REQUIRED ACTION:
Print each line from the start of the records below up through the line where "weight loss with" is found, exactly as given.

(Records from a data source)
[Start of Attachment]

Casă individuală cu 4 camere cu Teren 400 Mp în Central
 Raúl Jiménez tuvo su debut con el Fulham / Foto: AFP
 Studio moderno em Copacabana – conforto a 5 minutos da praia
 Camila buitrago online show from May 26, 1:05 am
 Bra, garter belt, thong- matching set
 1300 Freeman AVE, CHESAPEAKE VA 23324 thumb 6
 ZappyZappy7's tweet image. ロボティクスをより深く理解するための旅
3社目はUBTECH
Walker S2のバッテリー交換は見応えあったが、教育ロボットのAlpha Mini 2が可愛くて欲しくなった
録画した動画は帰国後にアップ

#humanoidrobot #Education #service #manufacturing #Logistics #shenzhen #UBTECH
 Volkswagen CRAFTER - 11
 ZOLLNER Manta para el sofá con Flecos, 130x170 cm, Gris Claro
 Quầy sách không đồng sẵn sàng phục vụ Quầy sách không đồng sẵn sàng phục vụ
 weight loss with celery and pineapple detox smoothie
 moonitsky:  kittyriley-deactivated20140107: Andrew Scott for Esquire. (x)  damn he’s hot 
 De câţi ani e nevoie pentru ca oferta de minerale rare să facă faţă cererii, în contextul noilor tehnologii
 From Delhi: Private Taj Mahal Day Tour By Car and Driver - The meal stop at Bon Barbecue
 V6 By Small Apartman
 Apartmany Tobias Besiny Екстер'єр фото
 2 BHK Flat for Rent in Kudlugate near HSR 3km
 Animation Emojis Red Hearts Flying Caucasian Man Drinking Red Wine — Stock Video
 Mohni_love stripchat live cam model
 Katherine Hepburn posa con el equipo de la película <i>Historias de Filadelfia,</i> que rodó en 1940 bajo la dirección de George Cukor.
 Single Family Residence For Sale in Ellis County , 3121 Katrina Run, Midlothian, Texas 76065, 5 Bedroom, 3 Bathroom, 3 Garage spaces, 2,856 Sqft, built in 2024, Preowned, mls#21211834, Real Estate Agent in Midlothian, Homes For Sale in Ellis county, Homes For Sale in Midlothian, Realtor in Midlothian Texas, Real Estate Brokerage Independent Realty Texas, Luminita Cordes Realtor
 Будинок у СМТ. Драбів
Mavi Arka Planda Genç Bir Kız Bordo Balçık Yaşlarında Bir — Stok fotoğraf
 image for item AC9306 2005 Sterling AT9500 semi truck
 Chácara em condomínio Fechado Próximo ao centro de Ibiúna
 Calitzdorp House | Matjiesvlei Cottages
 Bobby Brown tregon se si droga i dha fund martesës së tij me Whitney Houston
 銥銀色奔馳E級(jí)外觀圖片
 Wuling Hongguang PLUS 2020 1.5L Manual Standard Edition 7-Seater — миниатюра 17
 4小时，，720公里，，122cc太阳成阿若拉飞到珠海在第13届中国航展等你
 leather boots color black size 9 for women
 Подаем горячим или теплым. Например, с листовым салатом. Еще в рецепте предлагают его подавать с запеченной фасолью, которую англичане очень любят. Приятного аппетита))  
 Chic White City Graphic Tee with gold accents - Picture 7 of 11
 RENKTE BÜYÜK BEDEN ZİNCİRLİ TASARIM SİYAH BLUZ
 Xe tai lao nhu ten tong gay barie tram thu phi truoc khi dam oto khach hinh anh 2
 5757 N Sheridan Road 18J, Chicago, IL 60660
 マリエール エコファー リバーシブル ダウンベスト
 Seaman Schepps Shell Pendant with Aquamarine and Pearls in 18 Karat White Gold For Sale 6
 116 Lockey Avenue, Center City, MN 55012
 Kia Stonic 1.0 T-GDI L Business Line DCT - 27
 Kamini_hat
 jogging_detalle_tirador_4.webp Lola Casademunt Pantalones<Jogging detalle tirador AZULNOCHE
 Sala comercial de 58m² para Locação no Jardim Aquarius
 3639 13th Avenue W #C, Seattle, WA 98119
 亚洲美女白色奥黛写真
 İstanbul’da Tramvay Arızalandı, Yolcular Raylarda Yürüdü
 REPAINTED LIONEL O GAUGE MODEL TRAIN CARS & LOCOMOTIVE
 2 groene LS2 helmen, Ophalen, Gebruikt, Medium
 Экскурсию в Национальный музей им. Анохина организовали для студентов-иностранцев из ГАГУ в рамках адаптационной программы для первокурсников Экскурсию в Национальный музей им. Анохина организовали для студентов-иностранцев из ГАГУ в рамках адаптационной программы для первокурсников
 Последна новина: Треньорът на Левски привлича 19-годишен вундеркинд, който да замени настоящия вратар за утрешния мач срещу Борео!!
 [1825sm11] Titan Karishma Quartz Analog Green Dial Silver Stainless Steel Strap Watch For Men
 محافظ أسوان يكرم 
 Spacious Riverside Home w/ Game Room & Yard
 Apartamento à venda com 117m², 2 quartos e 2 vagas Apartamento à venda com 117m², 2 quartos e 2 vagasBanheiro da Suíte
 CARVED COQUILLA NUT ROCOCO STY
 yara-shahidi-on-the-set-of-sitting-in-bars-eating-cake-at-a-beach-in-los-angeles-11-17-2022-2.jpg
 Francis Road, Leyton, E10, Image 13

[End of Attachment]

RESPONSE TO THE EXERCISE:
Casă individuală cu 4 camere cu Teren 400 Mp în Central
 Raúl Jiménez tuvo su debut con el Fulham / Foto: AFP
 Studio moderno em Copacabana – conforto a 5 minutos da praia
 Camila buitrago online show from May 26, 1:05 am
 Bra, garter belt, thong- matching set
 1300 Freeman AVE, CHESAPEAKE VA 23324 thumb 6
 ZappyZappy7's tweet image. ロボティクスをより深く理解するための旅
3社目はUBTECH
Walker S2のバッテリー交換は見応えあったが、教育ロボットのAlpha Mini 2が可愛くて欲しくなった
録画した動画は帰国後にアップ

#humanoidrobot #Education #service #manufacturing #Logistics #shenzhen #UBTECH
 Volkswagen CRAFTER - 11
 ZOLLNER Manta para el sofá con Flecos, 130x170 cm, Gris Claro
 Quầy sách không đồng sẵn sàng phục vụ Quầy sách không đồng sẵn sàng phục vụ
 weight loss with celery and pineapple detox smoothie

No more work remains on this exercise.